** Opening Record set block **

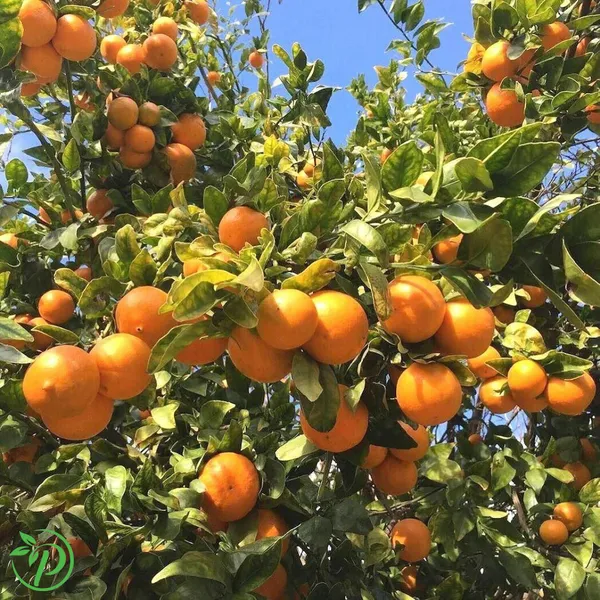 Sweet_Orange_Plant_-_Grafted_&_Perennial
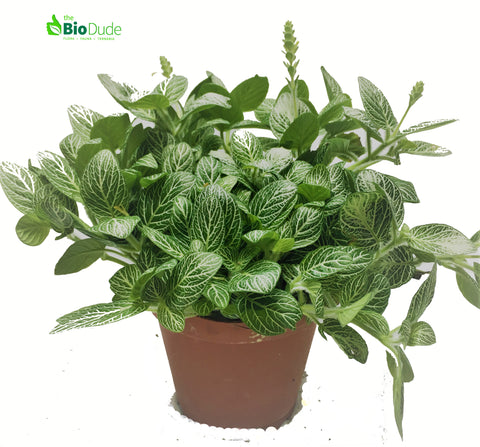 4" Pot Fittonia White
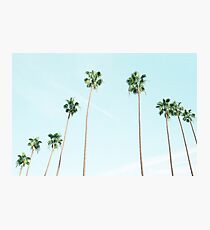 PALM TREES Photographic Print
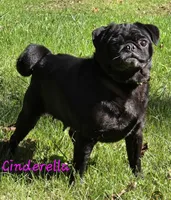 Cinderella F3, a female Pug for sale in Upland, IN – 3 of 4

** Closing Record set block **
** Opening Record set block **

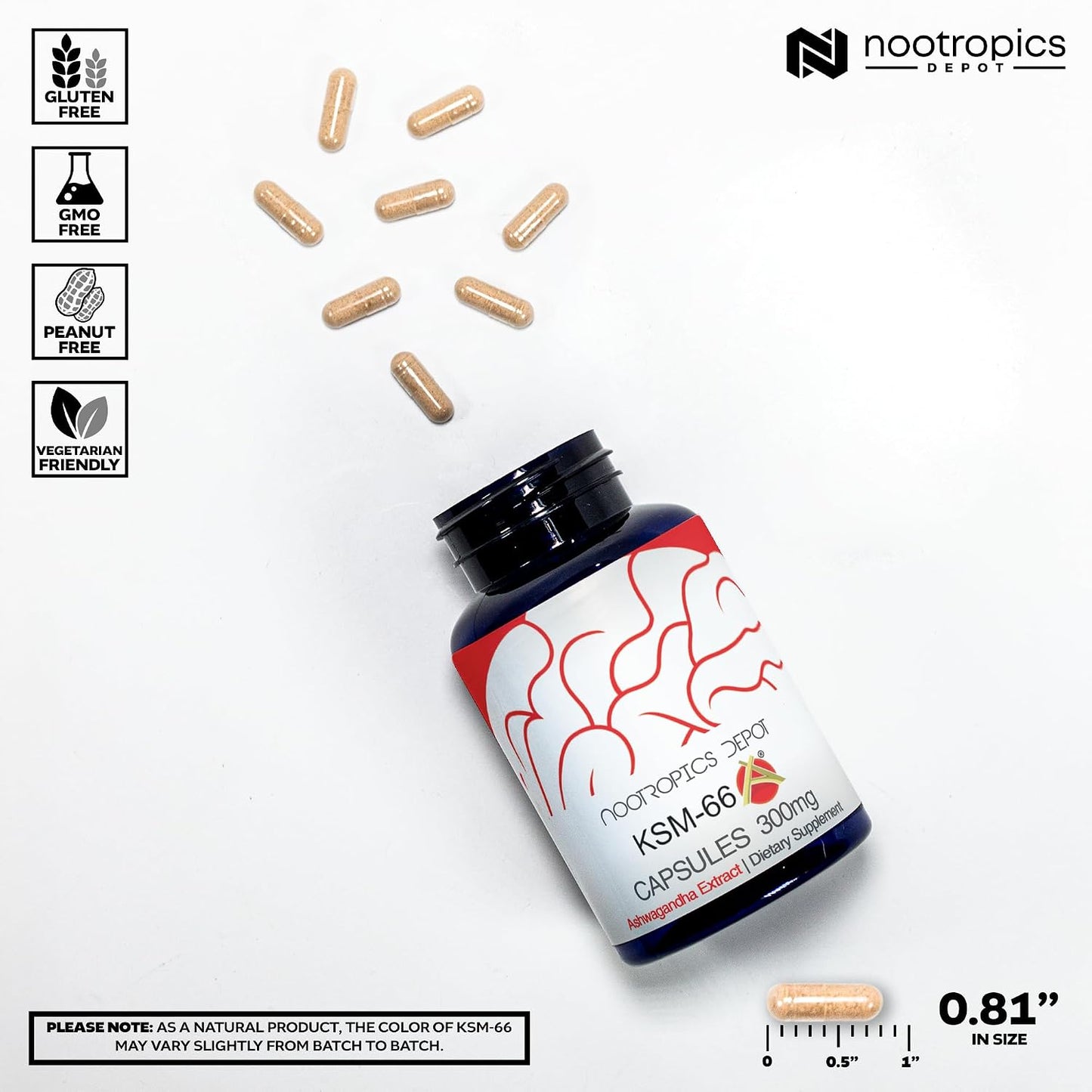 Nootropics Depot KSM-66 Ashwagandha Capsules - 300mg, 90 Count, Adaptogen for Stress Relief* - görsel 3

** Closing Record set block **

| Work task |
Would you copy, word for word, only the lines above from the one containing "PALM TREES Photographic Print" through the one containing "Cinderella F3, a", both included, and please leave out the pictures?

| Answer for the task |
 PALM TREES Photographic Print
 Cinderella F3, a female Pug for sale in Upland, IN – 3 of 4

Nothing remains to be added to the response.